(Stored items from a collection)
####################

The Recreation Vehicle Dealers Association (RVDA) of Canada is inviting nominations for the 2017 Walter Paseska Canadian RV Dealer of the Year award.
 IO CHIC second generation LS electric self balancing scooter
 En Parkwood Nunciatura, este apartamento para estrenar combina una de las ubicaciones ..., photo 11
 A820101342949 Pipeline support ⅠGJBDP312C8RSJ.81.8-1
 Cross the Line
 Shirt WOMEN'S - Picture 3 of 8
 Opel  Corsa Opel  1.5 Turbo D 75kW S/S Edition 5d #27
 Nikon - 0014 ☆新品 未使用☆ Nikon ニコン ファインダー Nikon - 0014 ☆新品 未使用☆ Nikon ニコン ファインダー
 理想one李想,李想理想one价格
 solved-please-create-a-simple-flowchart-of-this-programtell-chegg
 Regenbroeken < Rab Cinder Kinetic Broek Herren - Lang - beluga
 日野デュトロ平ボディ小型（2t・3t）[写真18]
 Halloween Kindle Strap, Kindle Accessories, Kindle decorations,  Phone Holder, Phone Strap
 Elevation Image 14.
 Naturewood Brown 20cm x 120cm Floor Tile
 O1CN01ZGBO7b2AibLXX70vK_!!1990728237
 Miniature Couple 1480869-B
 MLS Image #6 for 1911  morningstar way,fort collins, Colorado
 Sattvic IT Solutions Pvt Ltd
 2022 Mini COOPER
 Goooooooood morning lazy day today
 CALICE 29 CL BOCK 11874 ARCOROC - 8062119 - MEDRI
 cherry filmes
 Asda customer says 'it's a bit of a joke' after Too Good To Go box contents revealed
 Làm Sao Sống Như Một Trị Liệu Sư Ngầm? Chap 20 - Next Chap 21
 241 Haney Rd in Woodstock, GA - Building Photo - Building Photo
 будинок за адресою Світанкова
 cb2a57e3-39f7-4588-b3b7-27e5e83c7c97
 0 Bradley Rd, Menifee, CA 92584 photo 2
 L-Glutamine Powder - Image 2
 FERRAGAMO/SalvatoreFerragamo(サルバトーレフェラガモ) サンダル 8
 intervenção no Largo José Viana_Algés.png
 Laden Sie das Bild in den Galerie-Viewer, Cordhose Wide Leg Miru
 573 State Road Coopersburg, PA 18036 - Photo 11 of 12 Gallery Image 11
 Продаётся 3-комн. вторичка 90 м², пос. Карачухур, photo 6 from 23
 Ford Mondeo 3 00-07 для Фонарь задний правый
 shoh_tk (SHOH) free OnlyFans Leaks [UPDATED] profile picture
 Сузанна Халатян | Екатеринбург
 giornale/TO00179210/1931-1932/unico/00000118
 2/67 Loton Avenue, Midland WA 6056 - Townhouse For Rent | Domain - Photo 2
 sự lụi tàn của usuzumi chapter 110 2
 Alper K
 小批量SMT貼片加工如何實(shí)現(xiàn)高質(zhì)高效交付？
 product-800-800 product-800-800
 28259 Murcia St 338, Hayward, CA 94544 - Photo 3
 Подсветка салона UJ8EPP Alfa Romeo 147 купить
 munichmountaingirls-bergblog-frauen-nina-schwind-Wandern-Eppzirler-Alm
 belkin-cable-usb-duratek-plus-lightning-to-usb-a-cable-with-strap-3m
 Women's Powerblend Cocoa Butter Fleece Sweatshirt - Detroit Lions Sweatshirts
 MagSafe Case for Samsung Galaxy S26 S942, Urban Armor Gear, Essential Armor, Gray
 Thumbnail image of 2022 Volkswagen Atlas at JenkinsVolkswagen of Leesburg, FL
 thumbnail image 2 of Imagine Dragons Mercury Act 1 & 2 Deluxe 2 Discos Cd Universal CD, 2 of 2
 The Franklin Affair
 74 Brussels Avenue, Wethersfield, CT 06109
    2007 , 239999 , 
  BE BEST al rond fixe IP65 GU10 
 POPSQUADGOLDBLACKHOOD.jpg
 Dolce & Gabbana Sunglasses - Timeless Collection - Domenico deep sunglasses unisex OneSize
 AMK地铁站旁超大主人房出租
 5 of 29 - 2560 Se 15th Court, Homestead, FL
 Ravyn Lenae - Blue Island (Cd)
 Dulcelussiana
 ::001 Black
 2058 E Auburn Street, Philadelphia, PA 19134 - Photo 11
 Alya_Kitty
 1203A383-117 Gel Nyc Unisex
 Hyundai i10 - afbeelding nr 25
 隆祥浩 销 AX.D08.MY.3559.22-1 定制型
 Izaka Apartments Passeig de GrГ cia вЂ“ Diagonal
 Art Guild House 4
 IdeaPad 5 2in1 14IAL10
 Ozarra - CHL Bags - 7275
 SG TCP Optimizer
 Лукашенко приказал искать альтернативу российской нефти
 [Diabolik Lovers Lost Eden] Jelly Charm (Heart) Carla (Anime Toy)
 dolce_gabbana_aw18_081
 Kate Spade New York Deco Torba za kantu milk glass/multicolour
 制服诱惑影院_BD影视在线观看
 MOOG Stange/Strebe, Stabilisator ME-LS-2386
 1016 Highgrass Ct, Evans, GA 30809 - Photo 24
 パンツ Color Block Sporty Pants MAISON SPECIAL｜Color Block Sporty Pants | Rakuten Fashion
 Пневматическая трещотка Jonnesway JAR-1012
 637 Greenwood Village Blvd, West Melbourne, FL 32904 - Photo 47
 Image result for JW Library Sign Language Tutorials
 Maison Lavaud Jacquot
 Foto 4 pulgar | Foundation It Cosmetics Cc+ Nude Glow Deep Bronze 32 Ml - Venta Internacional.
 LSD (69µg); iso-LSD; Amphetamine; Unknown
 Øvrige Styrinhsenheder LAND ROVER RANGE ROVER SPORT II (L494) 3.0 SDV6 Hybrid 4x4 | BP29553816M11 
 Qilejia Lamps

####################

TASK DETAILS
Scan the records above for the lines holding "74 Brussels Avenue, Wethersfield, CT 06109" and "SG TCP Optimizer". Transcribe those two and every line between them word for word, and no others.

EXPECTED ANSWER
 74 Brussels Avenue, Wethersfield, CT 06109
    2007 , 239999 , 
  BE BEST al rond fixe IP65 GU10 
 POPSQUADGOLDBLACKHOOD.jpg
 Dolce & Gabbana Sunglasses - Timeless Collection - Domenico deep sunglasses unisex OneSize
 AMK地铁站旁超大主人房出租
 5 of 29 - 2560 Se 15th Court, Homestead, FL
 Ravyn Lenae - Blue Island (Cd)
 Dulcelussiana
 ::001 Black
 2058 E Auburn Street, Philadelphia, PA 19134 - Photo 11
 Alya_Kitty
 1203A383-117 Gel Nyc Unisex
 Hyundai i10 - afbeelding nr 25
 隆祥浩 销 AX.D08.MY.3559.22-1 定制型
 Izaka Apartments Passeig de GrГ cia вЂ“ Diagonal
 Art Guild House 4
 IdeaPad 5 2in1 14IAL10
 Ozarra - CHL Bags - 7275
 SG TCP Optimizer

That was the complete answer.